In mid-October, a CPJ delegation travelled to OSCE's headquarters in Vienna and met with a top Kazakh diplomat, Ambassador Kairat Abdrakhmanov, who currently heads OSCE's permanent council. Abdrakhmanov told CPJ that Kazakhstan is ready to bring its press laws in line with international standards, but he did not commit to a specific timeframe for enacting the necessary reforms, including decriminalizing libel, placing caps on defamation awards, and enacting access-to-information legislation. Abdrakhmanov told CPJ that press freedom will be discussed in events held parallel to the OSCE summit rather than during the summit itself.
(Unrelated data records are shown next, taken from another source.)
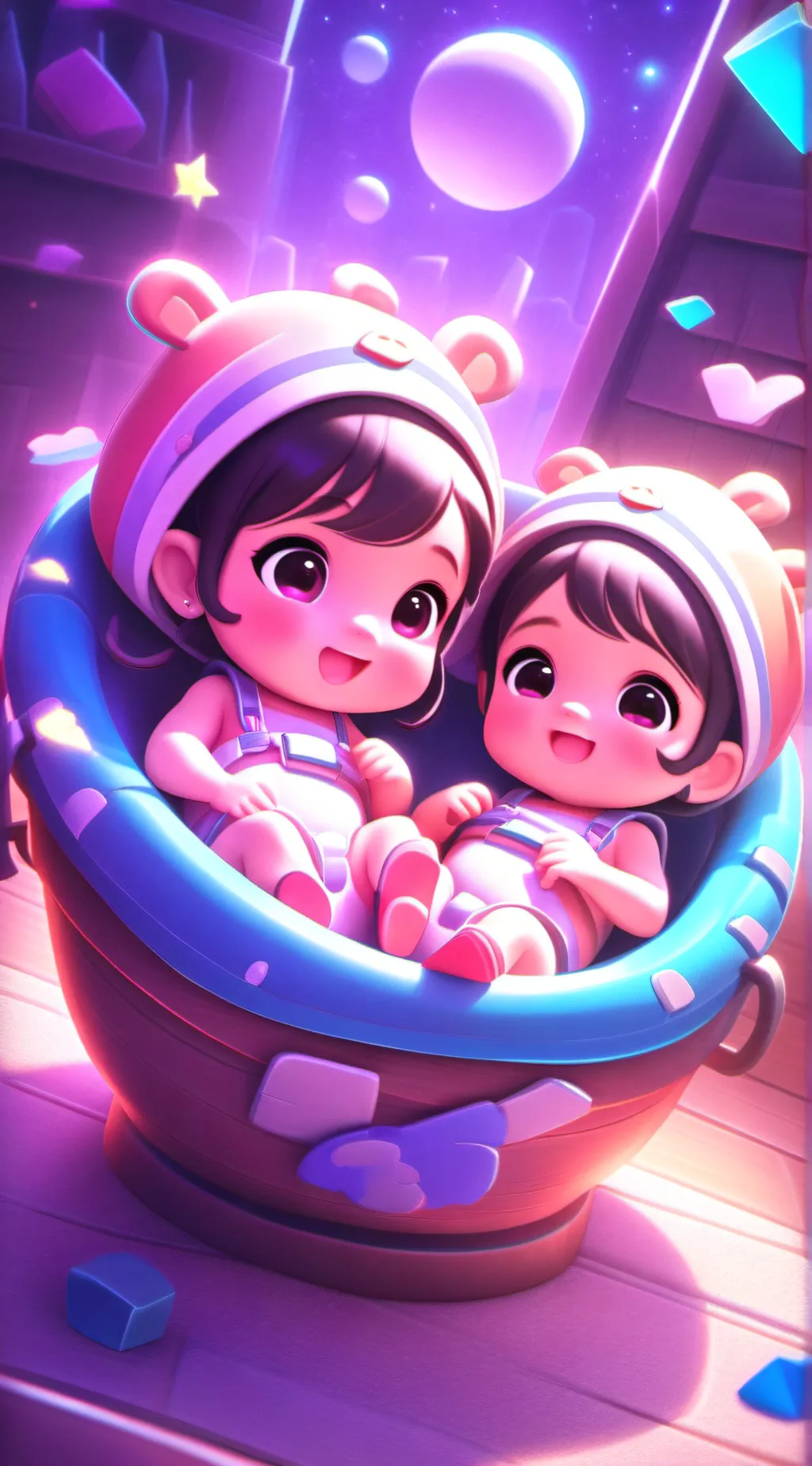 ai character: Lola and Lilac  background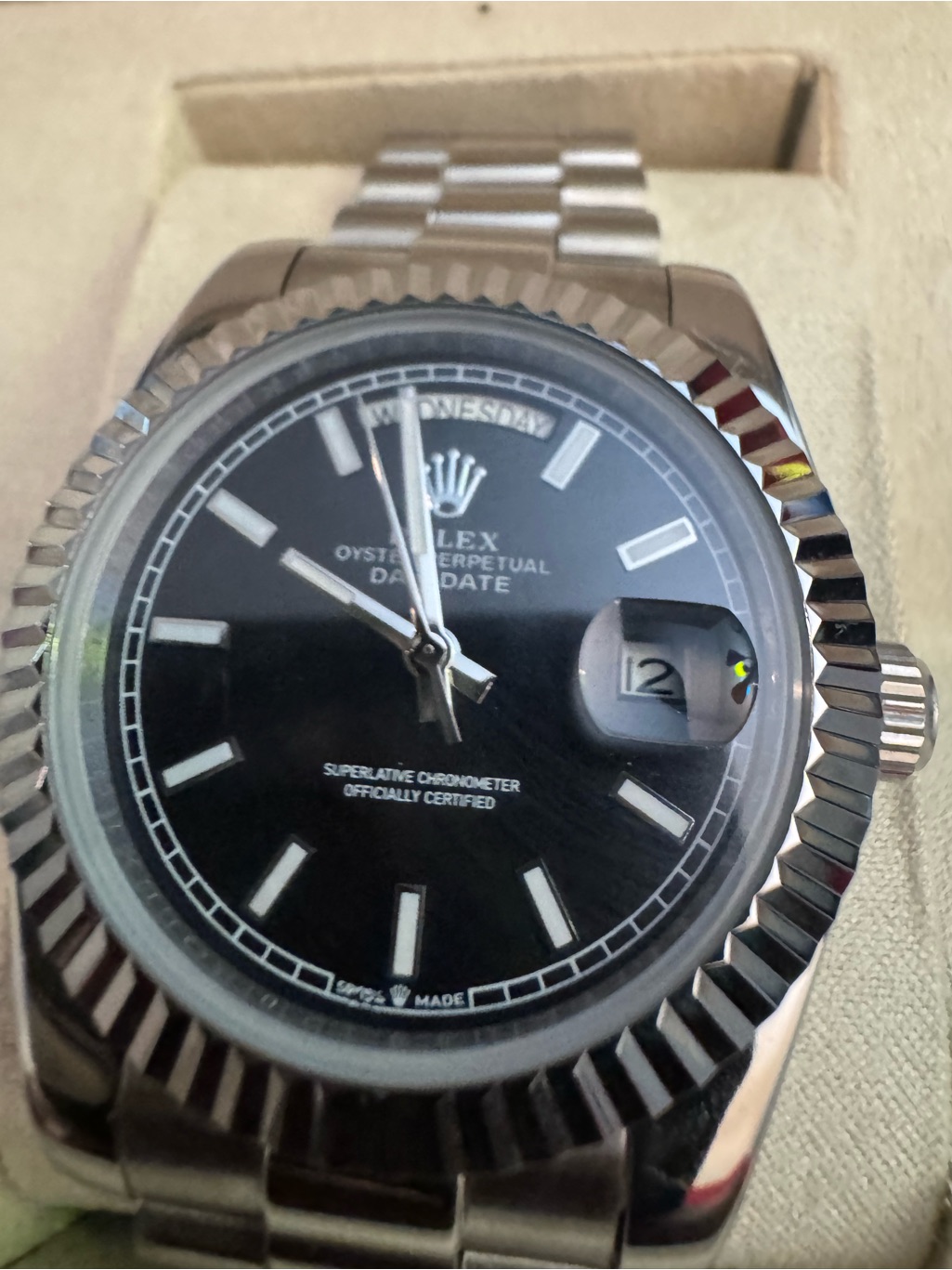 Rolex Rep Mens Stainless Steel Watch With Black Dial And Silver Bracelet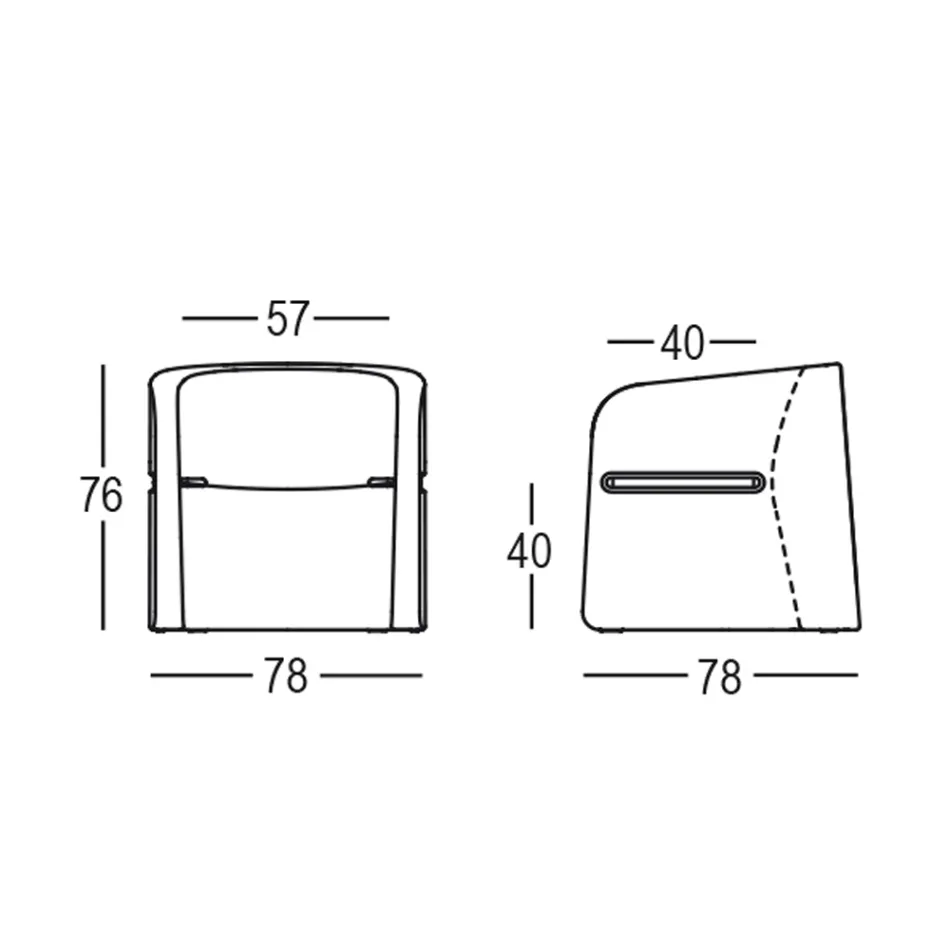 Trädgårdstol i polyeten och björkträ tillverkad i Italien - Talula Viadurini
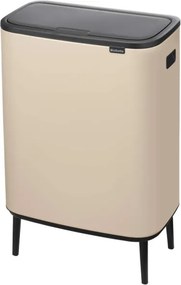 Cos de gunoi Brabantia Bo Touch Hi 1010457, 60 l, Manere laterale, Picioare reglabile, Bej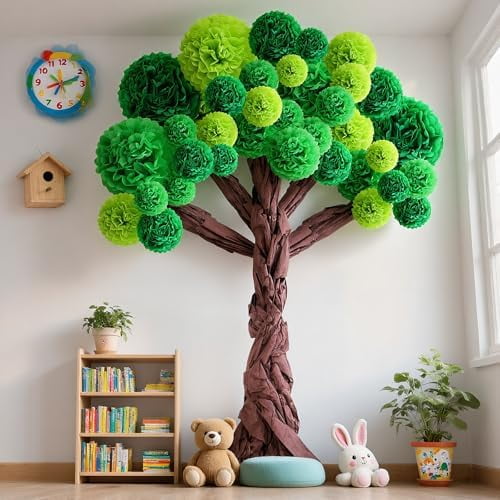 3D Classroom Tree Bulletin Board Set DIY Cardboard Tree with Paper Pom Poms Kraft Craft Bulletin Board Wall Educational Welcome Class Decor for First Day Back to School Decorations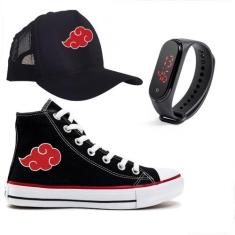 Kit Tênis Boné Relógio Do Naruto Nuvem Adulto Infantil - Milene Store,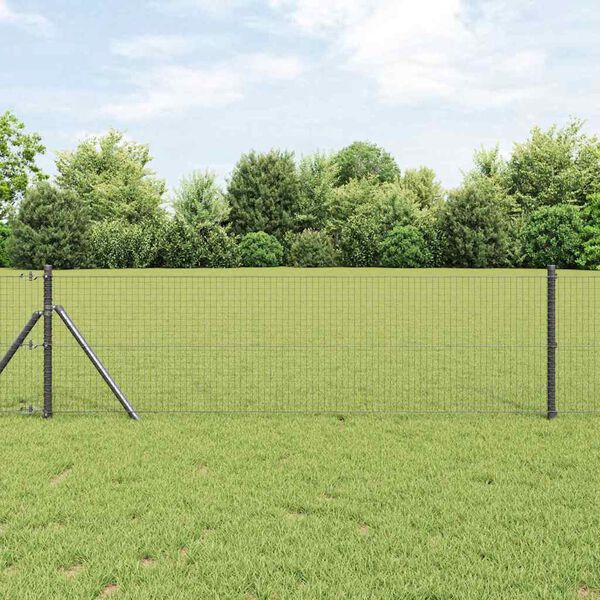 vidaXL Welded Wire Fence Grey 0.4 x 25 m Steel
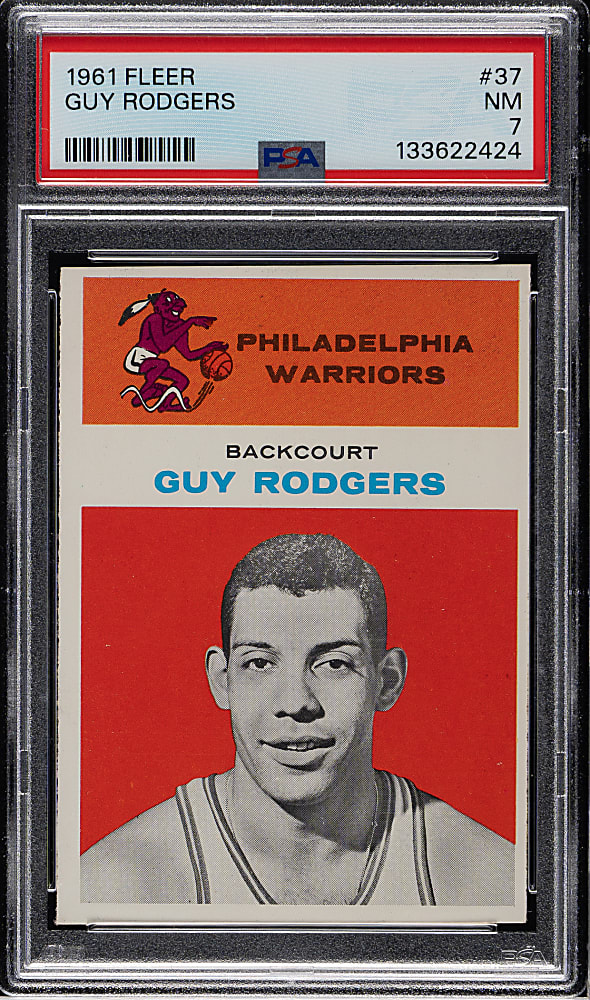 1961-1962 Fleer Basketball #37 Guy Rodgers Rookie PSA NM 7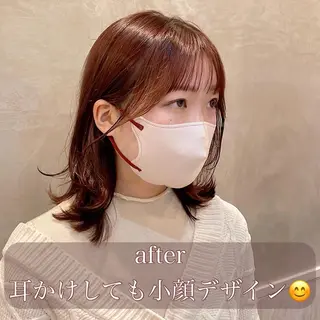 セミロング 🌹ハッシュカット、 レイヤー韓国ヘア🌹のヘアスタイル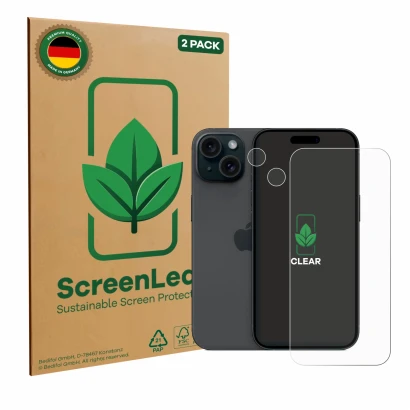 Parte frontal de un envase de producto con el logotipo de la marca ScreenLeaf. Al lado se muestra el dispositivo Apple iPhone 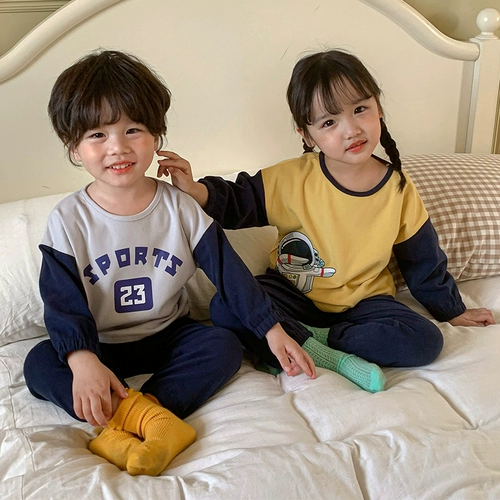 Детская демисезонная хлопковая пижама, лонгслив для мальчиков, нарукавники, детский комплект, коллекция 2022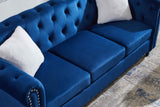 Sofa chair, with button and copper nail on arms and back, one white villose pillow, velvet Blue (38"x34.5"x30") Home Elegance USA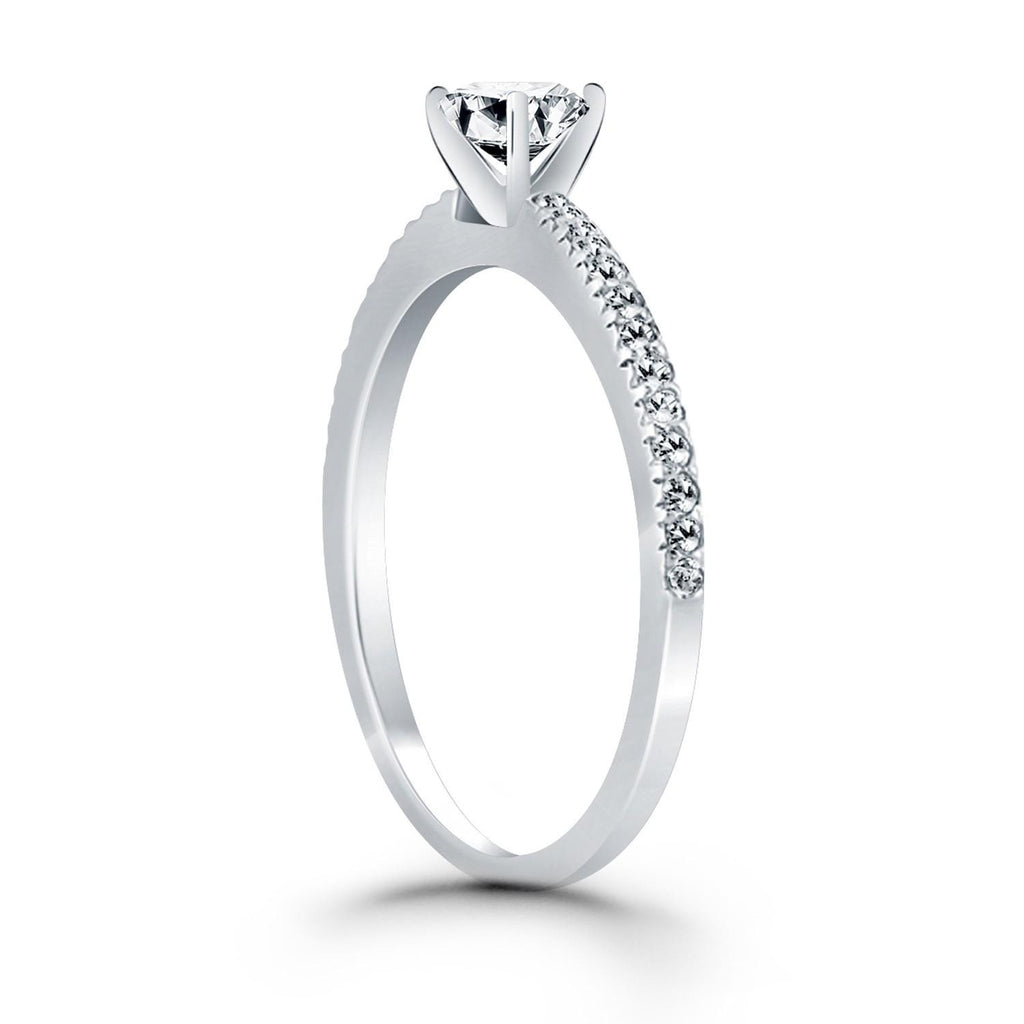 14K White Gold Engagement Ring with Pave Diamond Band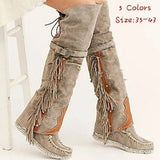 Winter Faux Suede Tassel Boots Ethnic Fringe Boho Long Boots Flat Heel Knee High Boots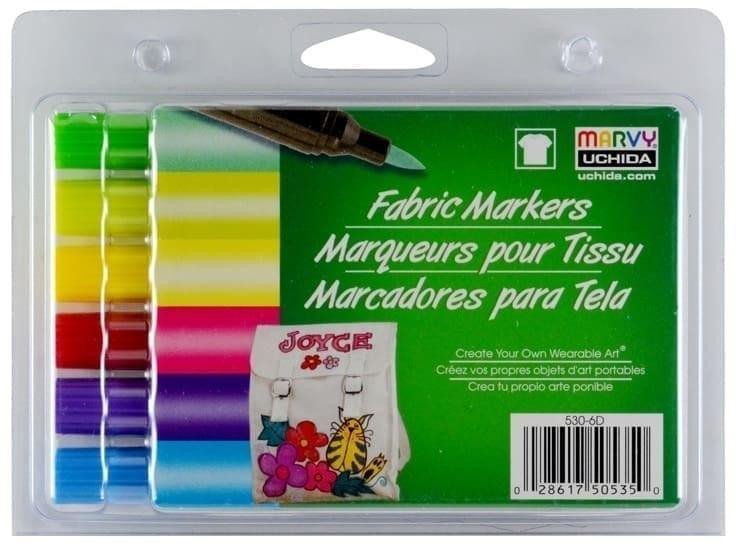 Kolorowe Baloniki Markery tekstylne Brush 6 kolorów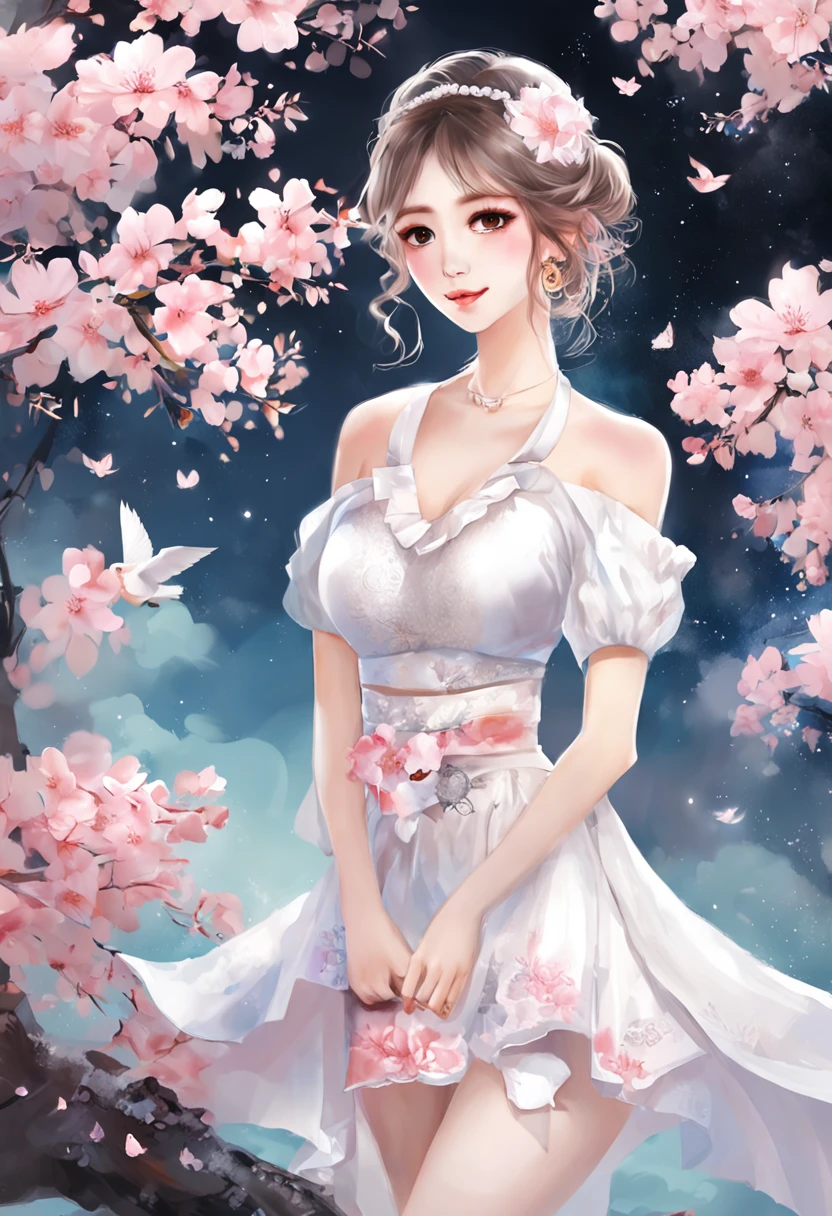 (best qualtiy,tmasterpiece), Beautiful teenage girl, Beautiful goddess, Sexy goddess, ((The shirt, One shoulder, short skirt, Floral)), Beautiful hair accessories, peach blossom, Detailed scenes, the night, starrysky, cold light, (in pink, white colors, cyan colors), ((from side)), ((knee shot)), ((realistic))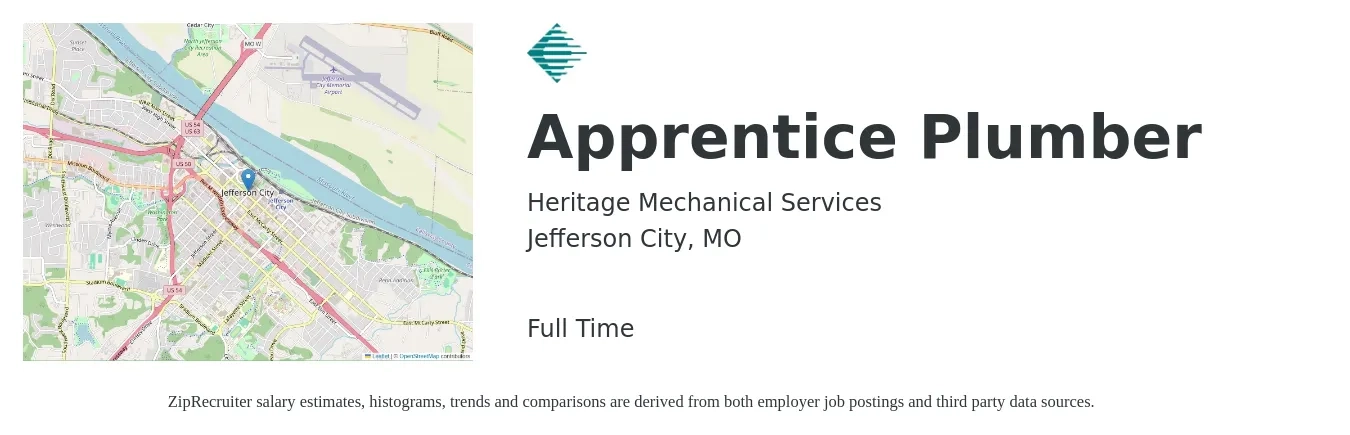 Heritage Mechanical Services job posting for a Apprentice Plumber in Jefferson City, MO with a salary of $16 to $20 Weekly with a map of Jefferson City location.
"Kazakhstan's press freedom record is too important an issue to be pushed to the margins of this historic gathering as if it were a warm-up act," Ognianova said.

On November 5, court officials in Uralsk, western Kazakhstan, raided the newsroom of the independent biweekly Uralskaya Nedelya, after the paper was unable to pay 20 million tenge (US$135,550) in damages to an oil company for allegedly defaming its  reputation. The paper's website has been inaccessible in Kazakhstan since November 2; its bank account was also blocked, the press freedom group Adil Soz reported. Also this month, the independent newspapers Respublika and Vzglyad and the opposition titles Azat and Alga! were targeted by arbitrary tax audits that ruled the papers had allegedly concealed revenues. They were fined 100 million tenge (US$677,736). Vzglyad's printers in Kostanaisky Region were simultaneously targeted by audits.